Image-caption web data:
* * *

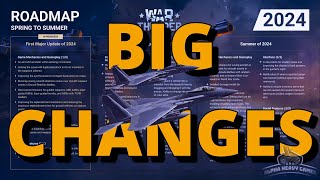 The BEST Changes to War Thunder in YEARS [upl. by Bernice612]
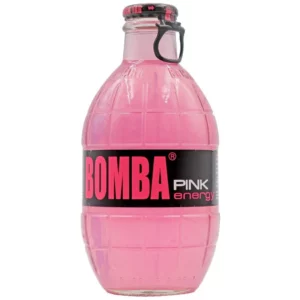 BOMBA - Pink Energy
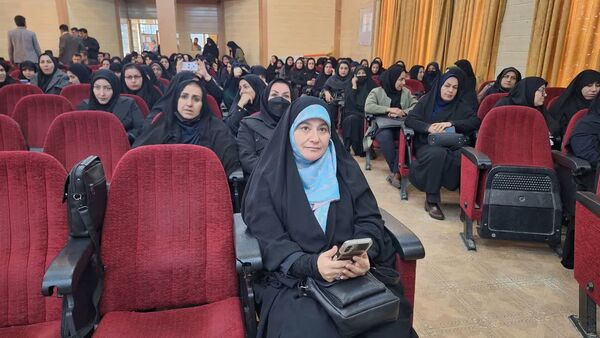 کارگاه توانمندسازی مربیان پیشتاز و معاونان پرورشی در شهرستان بویراحمد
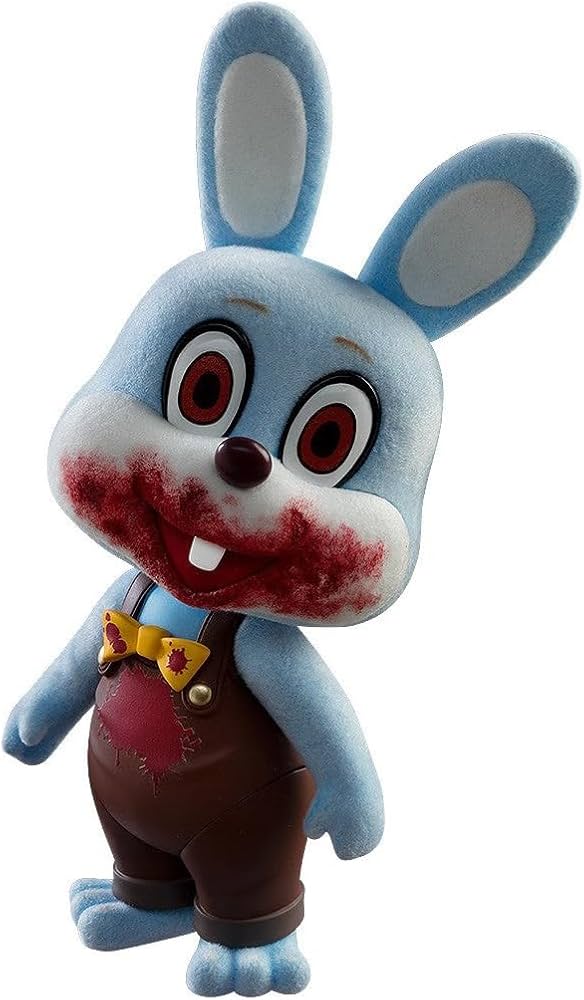 Amazon | ねんどろいど サイレントヒル3 ロビー ザ ラビット[ブルー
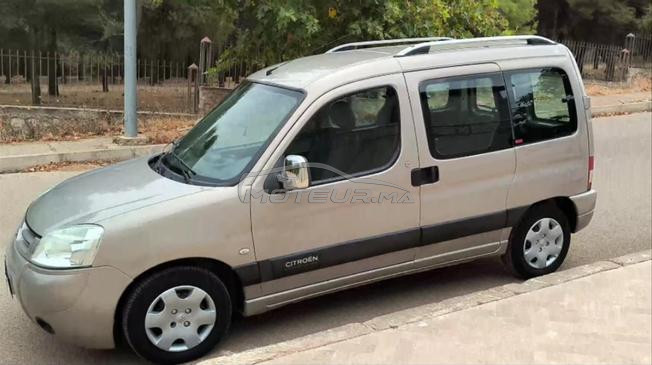 Citroen berlingo 2010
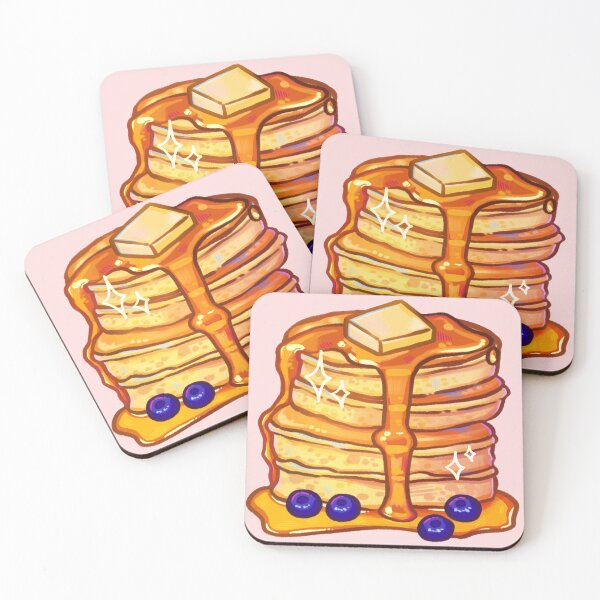 Item preview, Stack of Pancakes designed and sold by lindepet.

* * *

TASK GOAL: Print the data again, word for word, without any pictures.

EXPECTED ANSWER:
 The BEST Changes to War Thunder in YEARS [upl. by Bernice612]
 BOMBA - Pink Energy
 کارگاه توانمندسازی مربیان پیشتاز و معاونان پرورشی در شهرستان بویراحمد
 Amazon | ねんどろいど サイレントヒル3 ロビー ザ ラビット[ブルー
 Citroen berlingo 2010
 Item preview, Stack of Pancakes designed and sold by lindepet.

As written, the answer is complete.